[Task instructions]: Leaving out the pictures, retype exactly the lines from the one holding "Sanglier Sauvage Cochons" through the end of the material.

──────── Collected data

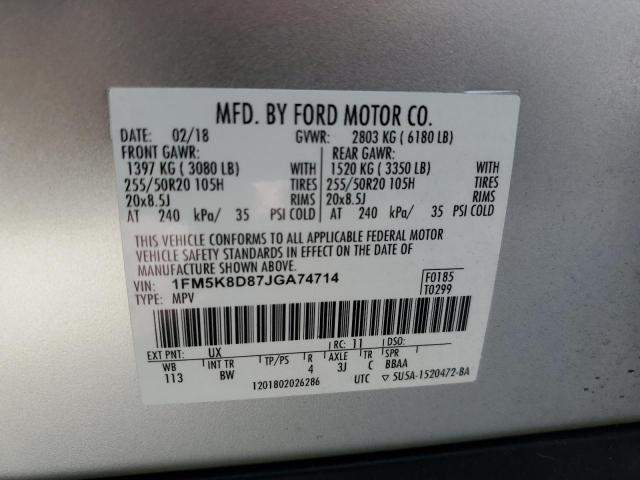 2018 FORD EXPLORER X 1FM5K8D87JGA74714  62014594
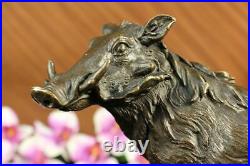 Sanglier Sauvage Cochons Pure Bronze Sculpture Statue Art Décor Ferme Cabine Nr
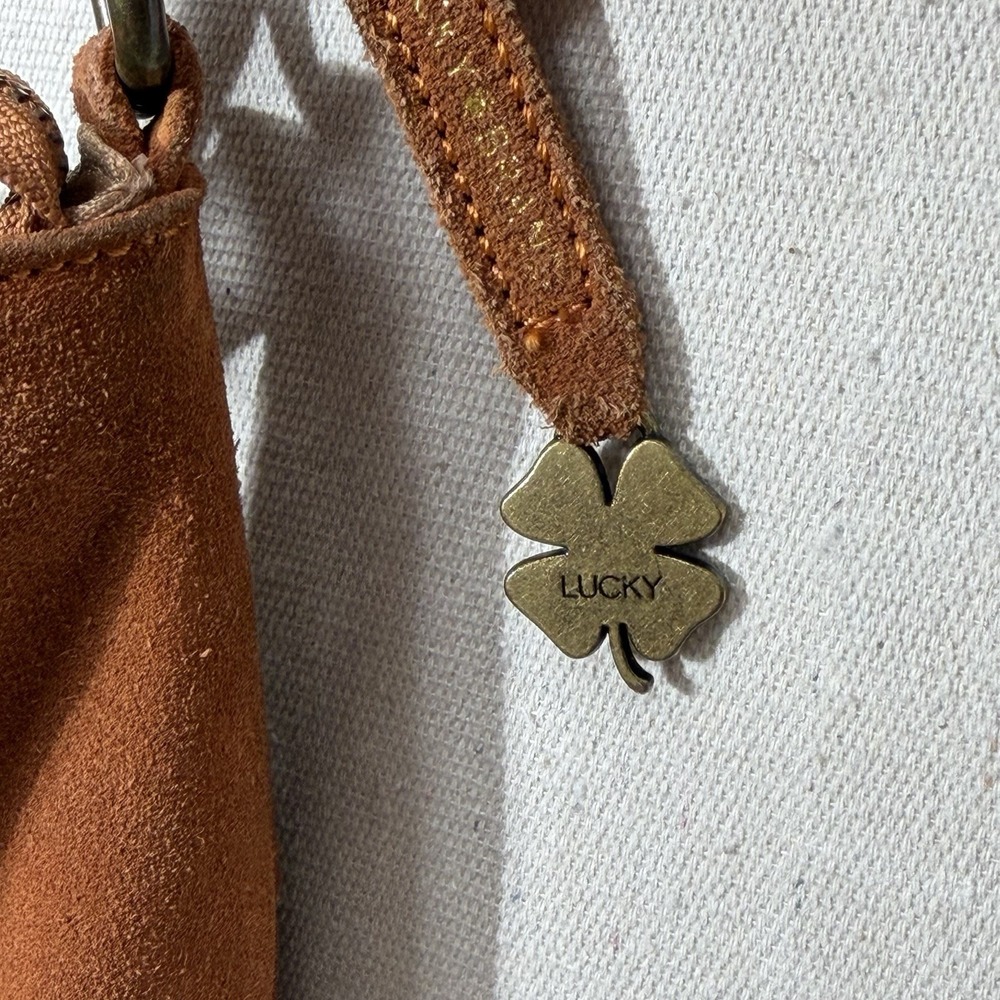 Lucky Brand Womens Brown Suede Leather Hobo Bag Tassel Purse Vintage Y2k Boho - Picture 4 of 16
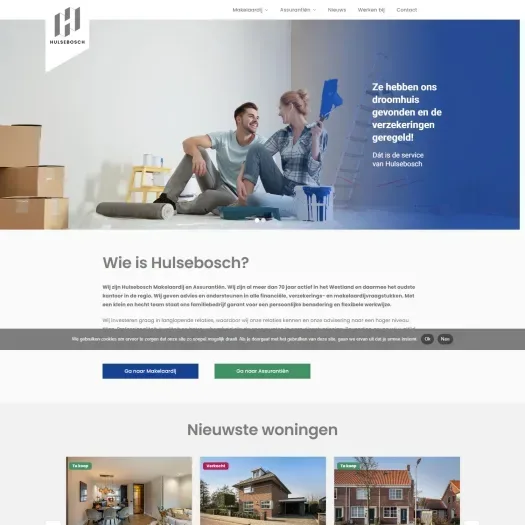 Screenshot of the website of www.hulsebosch.nl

────────────────

[Written response]:
 Sanglier Sauvage Cochons Pure Bronze Sculpture Statue Art Décor Ferme Cabine Nr
 Lucky Brand Womens Brown Suede Leather Hobo Bag Tassel Purse Vintage Y2k Boho - Picture 4 of 16
 Screenshot of the website of www.hulsebosch.nl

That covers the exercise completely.